Task ::
All the data below needs to be retyped exactly as shown.

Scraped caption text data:
++++++++++++++++++++

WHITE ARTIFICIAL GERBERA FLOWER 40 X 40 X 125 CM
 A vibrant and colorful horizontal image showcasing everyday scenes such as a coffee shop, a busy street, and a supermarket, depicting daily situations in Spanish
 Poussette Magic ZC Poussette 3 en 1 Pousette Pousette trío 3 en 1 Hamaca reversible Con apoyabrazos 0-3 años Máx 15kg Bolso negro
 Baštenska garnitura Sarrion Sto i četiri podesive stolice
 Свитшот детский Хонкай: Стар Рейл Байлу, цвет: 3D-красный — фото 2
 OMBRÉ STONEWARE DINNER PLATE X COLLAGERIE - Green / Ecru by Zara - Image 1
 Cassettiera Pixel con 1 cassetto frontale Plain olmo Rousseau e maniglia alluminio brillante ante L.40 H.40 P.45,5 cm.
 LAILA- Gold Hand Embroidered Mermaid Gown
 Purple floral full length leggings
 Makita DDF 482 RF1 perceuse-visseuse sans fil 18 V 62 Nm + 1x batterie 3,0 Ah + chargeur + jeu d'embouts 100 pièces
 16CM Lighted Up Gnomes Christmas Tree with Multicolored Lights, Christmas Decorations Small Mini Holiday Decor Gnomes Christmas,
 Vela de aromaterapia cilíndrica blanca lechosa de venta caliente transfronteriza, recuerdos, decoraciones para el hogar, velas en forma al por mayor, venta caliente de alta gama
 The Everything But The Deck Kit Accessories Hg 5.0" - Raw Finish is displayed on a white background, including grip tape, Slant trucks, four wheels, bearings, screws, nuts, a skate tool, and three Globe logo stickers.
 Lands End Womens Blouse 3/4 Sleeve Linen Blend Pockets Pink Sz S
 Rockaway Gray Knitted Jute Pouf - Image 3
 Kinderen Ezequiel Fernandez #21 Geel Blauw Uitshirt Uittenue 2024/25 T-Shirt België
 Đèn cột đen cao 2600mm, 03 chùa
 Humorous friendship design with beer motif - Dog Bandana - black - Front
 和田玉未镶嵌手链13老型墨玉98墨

++++++++++++++++++++

Output for this task ::
WHITE ARTIFICIAL GERBERA FLOWER 40 X 40 X 125 CM
 A vibrant and colorful horizontal image showcasing everyday scenes such as a coffee shop, a busy street, and a supermarket, depicting daily situations in Spanish
 Poussette Magic ZC Poussette 3 en 1 Pousette Pousette trío 3 en 1 Hamaca reversible Con apoyabrazos 0-3 años Máx 15kg Bolso negro
 Baštenska garnitura Sarrion Sto i četiri podesive stolice
 Свитшот детский Хонкай: Стар Рейл Байлу, цвет: 3D-красный — фото 2
 OMBRÉ STONEWARE DINNER PLATE X COLLAGERIE - Green / Ecru by Zara - Image 1
 Cassettiera Pixel con 1 cassetto frontale Plain olmo Rousseau e maniglia alluminio brillante ante L.40 H.40 P.45,5 cm.
 LAILA- Gold Hand Embroidered Mermaid Gown
 Purple floral full length leggings
 Makita DDF 482 RF1 perceuse-visseuse sans fil 18 V 62 Nm + 1x batterie 3,0 Ah + chargeur + jeu d'embouts 100 pièces
 16CM Lighted Up Gnomes Christmas Tree with Multicolored Lights, Christmas Decorations Small Mini Holiday Decor Gnomes Christmas,
 Vela de aromaterapia cilíndrica blanca lechosa de venta caliente transfronteriza, recuerdos, decoraciones para el hogar, velas en forma al por mayor, venta caliente de alta gama
 The Everything But The Deck Kit Accessories Hg 5.0" - Raw Finish is displayed on a white background, including grip tape, Slant trucks, four wheels, bearings, screws, nuts, a skate tool, and three Globe logo stickers.
 Lands End Womens Blouse 3/4 Sleeve Linen Blend Pockets Pink Sz S
 Rockaway Gray Knitted Jute Pouf - Image 3
 Kinderen Ezequiel Fernandez #21 Geel Blauw Uitshirt Uittenue 2024/25 T-Shirt België
 Đèn cột đen cao 2600mm, 03 chùa
 Humorous friendship design with beer motif - Dog Bandana - black - Front
 和田玉未镶嵌手链13老型墨玉98墨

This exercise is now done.